The Leupold 6.5-20X has all the bells and whistles: sunshade, turret-mounted parallax adjustment and target knobs.

You can build or buy the perfect varmint rifle, but you’re wasting your money if you don’t scope it intelligently.

Variable scopes excel for varmints. Shooting to the far edge of a prairie dog town, you can use 20X to advantage. But when dogs pop up closer or mirage runs heavy, or when you’re hunched over a coyote call, 10X might work best.

High power shrinks field and exit pupil, impairing your ability to find targets quickly and in poor light. If you shoot from field positions with your varminter, you’ll want no more than 16X. Ditto if the wind is bending the barbed wire.

On days when I pretend yon ‘chuck is a bighorn ram, I dial down to 6X. In sum, you’ll enjoy a 6-20X scope. No need for more power, and you won’t want much less.

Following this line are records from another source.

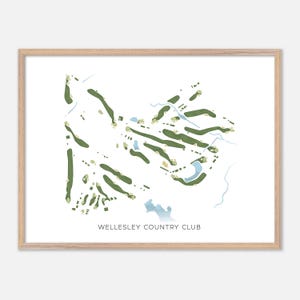 Wellesley Country Club à Wellesley, Massachusetts - carte aquarelle moderne | Cadeau golfeur, oeuvre d'art murale de golf, impression d'affiche de golf, aménagement du parcours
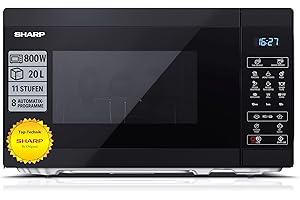 Sharp YC-MG02EB - Four à micro-ondes 20 litres, avec fonction grill, programme de décongélation, 11 niveaux de puissance, fonction minuterie, plateau tournant inclus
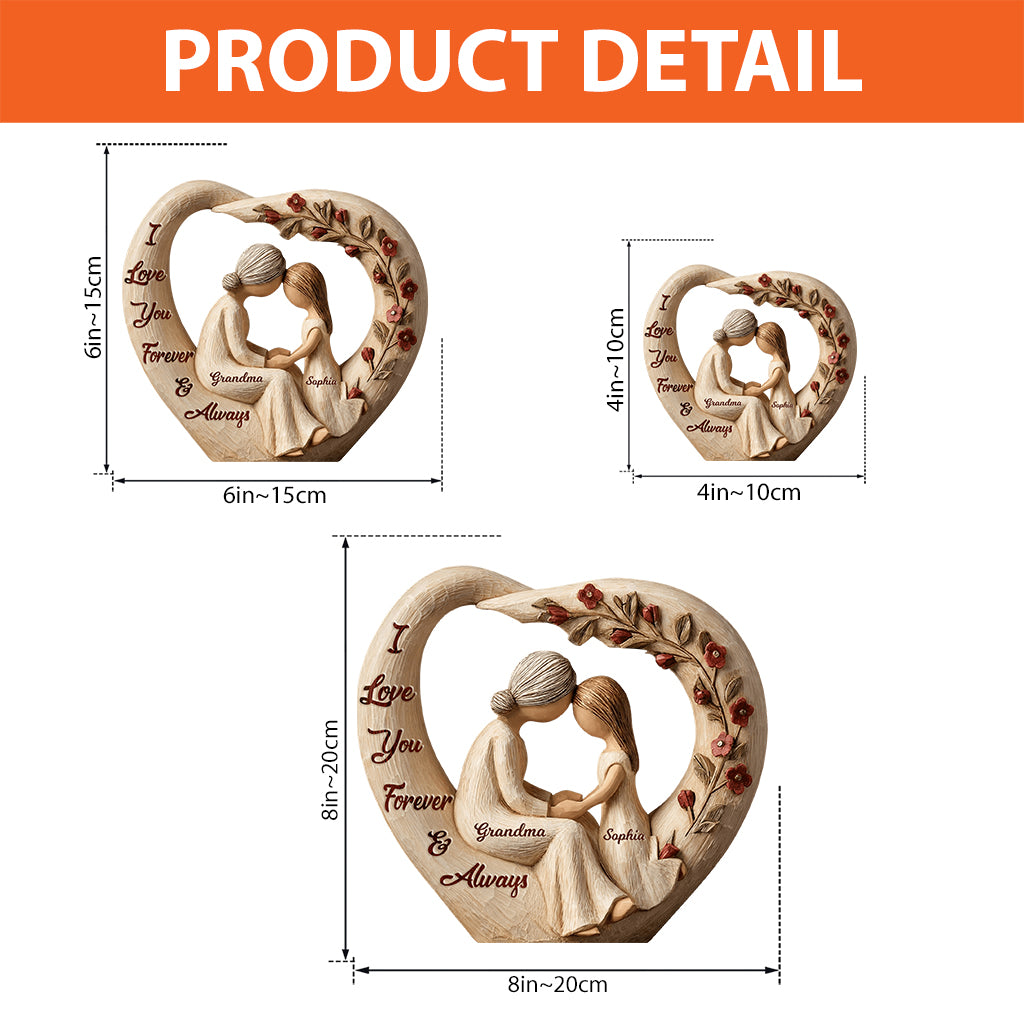 The Love Between Grandma And Granddaughter Is Forever - Personalized Kid Custom Shaped Acrylic Plaque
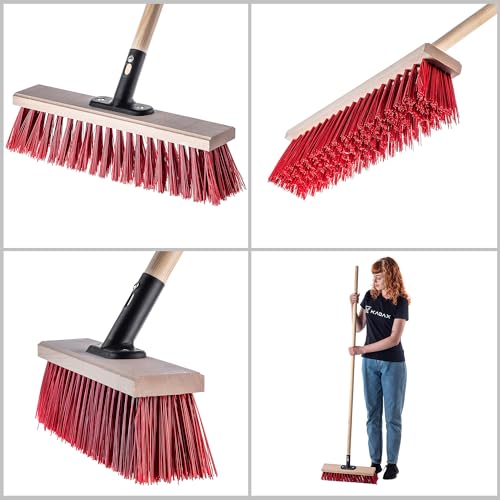 KADAX Straßenbesen mit langem Stiel aus Holz und Nylon, Kehrbesen mit Metallstielhalterung, breiter Industriebesen, komfortabler Saalbesen, Sand, Verschiedene Großen (40cm Rot) – Bild 6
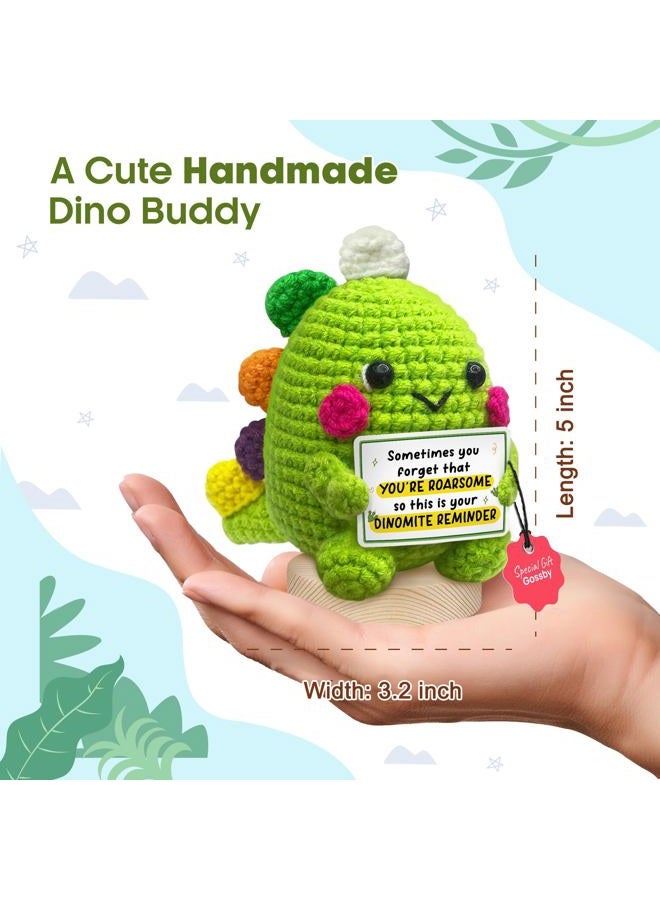 Gossby Positive Dino Shape 1 Crochet with Emotional Message - Christmas, Graduation, Birthday Gift - Handmade Crochet Animal Decor (Sometimes You Forget That You're ROARSOME) - Image 3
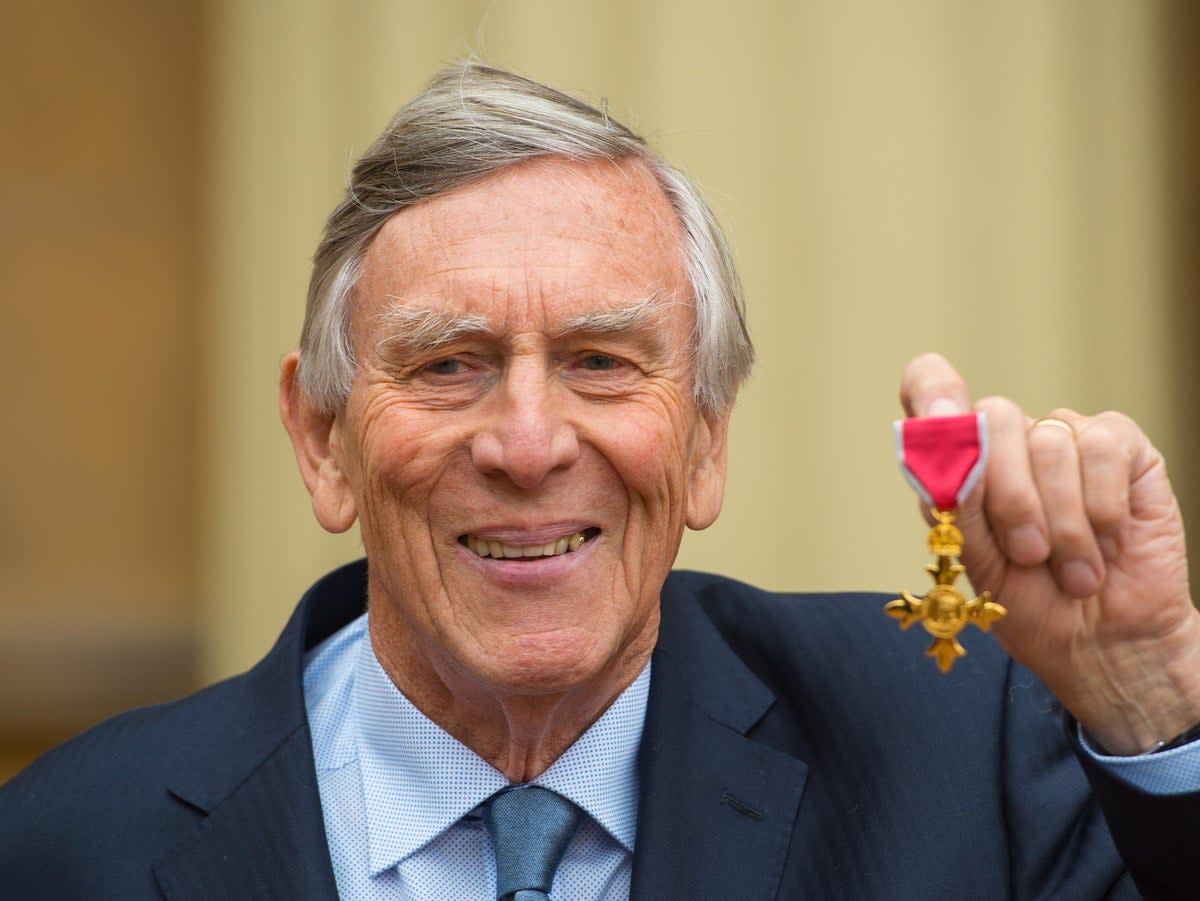 Piers Haggard with his Officer of the Order of the British Empire (OBE) medal (Dominic Lipinski - WPA Pool/Getty Images)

Big objective glass has little to recommend it. I prefer 40mm because it accommodates low rings and keeps scope weight reasonable. Yes, most varmint rifle stocks permit comfortable aim through medium or even high rings, which you’ll need for 50mm objectives. Whatever the size, get a sunshade to assist vision when glancing sun tries to veil your view.

As for tube diameter, I prefer an inch. Until you shoot beyond 600 yards, you won’t need a greater range of adjustment than is available in one-inch pipe. On the other hand, a 30mm tube can complement the balance and aesthetics of a varmint rifle.

You’ll appreciate target knobs with positive clicks and resettable zeros. You’ll adjust a varmint scope frequently. And because you won’t carry it through thickets, tall knobs are no liability.

An adjustable objective eliminates parallax at selected ranges; it refines focus too. Choose a turret-mounted dial rather than a front sleeve that forces you out of shooting position when you adjust it.

Some varmint reticles are so fine they’re hard to see, especially against variegated backgrounds. I prefer a standard crosswire or a crosswire and dot. If you’ll be hunting coyotes in the sage, pick a heavier wire than you think you need.

For the most part, rangefinding reticles leave me cold. A scope’s field should be open. Darrell Holland’s ART (Advanced Reticle Technology) crosswire, with both m.oa. and mil-dot tics, has minimal clutter. The laser rangefinding scope by Zeiss is an excellent alternative.

Cinch your mount screws firmly; tighten ring screws evenly and with less enthusiasm. Make sure that the reticle is oriented properly and that there’s enough eye relief for shooting prone. Even a .22 can bloody your brow.